In: Gottschalk, Kurt W.; Fosbroke, Sandra L. C., ed. Proceedings, 10th Central Hardwood Forest Conference; 1995 March 5-8; Morgantown, WV.: Gen. Tech. Rep. NE-197. Radnor, PA: U.S. Department of Agriculture, Forest Service, Northeastern Forest Experiment Station. 297-314

Abstract

Spatial variation of topography, net radiation, evapotranspiration, and forest stand in the central Appalachian watershed is described. The study area is the control watershed 4 (39"20'N, 79"49"W) located in the Fernow Experimental Forest at Parsons, West Virginia. The watershed encompasses an area of 39.2 ha, it has a southeast orientation, and the average slope inclination is 14º. The forest cover is ca. 85 years old and consists of upland oak and cove hardwoods. Topographic analysis was based on data for 432 triangular segments with an average area of 360 m², covering the whole watershed. Partial areas for defined slope and azimuth ranges and the distribution of both parameters are illustrated. Half of the watershed area has an azimuth between 90 and 150º (east facing slopes), and 65% of the area has slope inclination ranging from 10 to 20º. Net radiation (Rn) was computed for all terrain segments. Its distribution in the watershed is illustrated, and its average yearly sum for the whole watershed was 2.2 GJ m-2. Yearly sum of Rn of southwest facing slopes was 55% (lower sites) to 60% (upper sites) greater than that of east facing slopes. The average yearly precipitation (P) and evapotranspiration (Et) of the watershed are 145.5 cm and 81.7 cm, respectively. A regression formula defines yearly sum of Et as a function of P and Rn of the watershed. Using this formula, average yearly sums of Et of all terrain segments were calculated. The distribution of the yearly average sum of Et in the watershed is illustrated; yearly Et of partial areas varied from ca. 60 to 85 cm. The average air-dry above ground biomass for 112 plots was 320.3 t ha-1. East facing slopes had the highest air-dry biomass (354 t ha-1) and the southwest facing slopes the lowest (224 t ha-1). Thirty-five species were recorded on the plots surveyed.

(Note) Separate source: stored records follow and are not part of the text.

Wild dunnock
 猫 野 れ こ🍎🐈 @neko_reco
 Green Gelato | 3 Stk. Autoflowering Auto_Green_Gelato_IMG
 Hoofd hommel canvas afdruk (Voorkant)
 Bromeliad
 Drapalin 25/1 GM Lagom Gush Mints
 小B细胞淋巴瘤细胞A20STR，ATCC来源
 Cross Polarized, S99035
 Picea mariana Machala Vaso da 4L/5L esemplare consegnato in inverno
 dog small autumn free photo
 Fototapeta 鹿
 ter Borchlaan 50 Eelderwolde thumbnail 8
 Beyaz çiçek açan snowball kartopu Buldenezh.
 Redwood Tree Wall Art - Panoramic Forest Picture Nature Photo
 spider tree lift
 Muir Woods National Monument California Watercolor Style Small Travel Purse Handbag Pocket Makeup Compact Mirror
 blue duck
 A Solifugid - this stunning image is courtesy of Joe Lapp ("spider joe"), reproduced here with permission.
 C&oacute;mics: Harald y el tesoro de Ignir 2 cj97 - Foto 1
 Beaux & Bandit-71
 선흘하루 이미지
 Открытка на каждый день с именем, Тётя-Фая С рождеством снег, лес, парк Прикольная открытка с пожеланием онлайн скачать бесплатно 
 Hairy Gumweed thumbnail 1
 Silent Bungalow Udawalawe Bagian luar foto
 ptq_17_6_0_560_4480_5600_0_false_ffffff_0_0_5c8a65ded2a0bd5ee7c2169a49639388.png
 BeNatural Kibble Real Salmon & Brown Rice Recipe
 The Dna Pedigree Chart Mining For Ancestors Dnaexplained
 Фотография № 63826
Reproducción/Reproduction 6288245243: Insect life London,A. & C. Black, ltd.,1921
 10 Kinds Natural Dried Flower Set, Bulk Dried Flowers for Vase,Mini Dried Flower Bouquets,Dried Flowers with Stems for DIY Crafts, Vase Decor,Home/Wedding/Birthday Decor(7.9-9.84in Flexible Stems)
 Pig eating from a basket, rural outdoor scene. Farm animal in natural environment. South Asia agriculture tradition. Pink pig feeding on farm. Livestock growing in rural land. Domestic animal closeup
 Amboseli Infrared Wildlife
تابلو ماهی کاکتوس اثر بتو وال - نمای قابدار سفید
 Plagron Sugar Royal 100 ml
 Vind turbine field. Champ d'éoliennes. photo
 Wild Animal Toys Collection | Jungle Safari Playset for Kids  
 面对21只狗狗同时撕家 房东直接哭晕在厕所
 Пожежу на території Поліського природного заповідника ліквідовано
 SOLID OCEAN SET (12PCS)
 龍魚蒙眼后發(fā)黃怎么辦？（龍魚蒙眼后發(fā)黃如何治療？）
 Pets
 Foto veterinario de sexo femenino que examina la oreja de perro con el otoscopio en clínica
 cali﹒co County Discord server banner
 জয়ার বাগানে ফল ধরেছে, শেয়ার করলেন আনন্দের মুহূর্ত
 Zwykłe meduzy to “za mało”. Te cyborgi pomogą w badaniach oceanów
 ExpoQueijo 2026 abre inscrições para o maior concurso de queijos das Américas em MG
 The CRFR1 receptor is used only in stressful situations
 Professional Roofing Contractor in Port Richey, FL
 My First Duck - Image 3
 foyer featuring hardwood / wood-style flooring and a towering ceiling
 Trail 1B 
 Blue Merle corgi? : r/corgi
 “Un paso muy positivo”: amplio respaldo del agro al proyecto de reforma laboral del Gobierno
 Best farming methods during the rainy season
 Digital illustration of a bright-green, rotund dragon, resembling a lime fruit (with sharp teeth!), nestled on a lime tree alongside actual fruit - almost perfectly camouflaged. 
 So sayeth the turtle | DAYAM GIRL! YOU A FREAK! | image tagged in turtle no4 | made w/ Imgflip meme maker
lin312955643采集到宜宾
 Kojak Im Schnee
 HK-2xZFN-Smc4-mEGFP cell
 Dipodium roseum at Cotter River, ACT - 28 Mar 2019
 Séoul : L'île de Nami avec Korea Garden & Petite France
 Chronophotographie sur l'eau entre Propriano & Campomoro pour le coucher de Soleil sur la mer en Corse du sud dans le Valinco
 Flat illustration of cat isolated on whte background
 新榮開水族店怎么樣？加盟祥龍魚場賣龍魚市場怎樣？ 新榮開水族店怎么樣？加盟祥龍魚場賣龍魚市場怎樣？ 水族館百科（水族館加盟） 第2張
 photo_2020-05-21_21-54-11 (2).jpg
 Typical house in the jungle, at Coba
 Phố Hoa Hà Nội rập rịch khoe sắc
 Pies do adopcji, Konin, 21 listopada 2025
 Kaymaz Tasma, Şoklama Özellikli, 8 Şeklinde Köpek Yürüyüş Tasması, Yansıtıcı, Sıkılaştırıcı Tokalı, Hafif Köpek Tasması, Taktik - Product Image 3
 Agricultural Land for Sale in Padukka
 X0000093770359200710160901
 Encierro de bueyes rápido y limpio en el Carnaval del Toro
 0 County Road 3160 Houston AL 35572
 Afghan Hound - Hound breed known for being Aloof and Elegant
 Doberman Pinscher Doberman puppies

The most frequent species were sugar maple (32.1% of the total number of trees, DBH > 5 cm), red maple (19.3%), American beech (9.7%), northern red oak (7.6%). black cherry (4.1%), sweet birch (3.6%), and chestnut oak (2.4%). Red oak had the highest total biomass (30.2% of the total for all species), followed by sugar maple (13.8%), black cherry (13.0%), red maple (9.9%), chestnut oak (6.9%), yellow-poplar (5.7%), American beech (4.7%), and white oak (4.5%).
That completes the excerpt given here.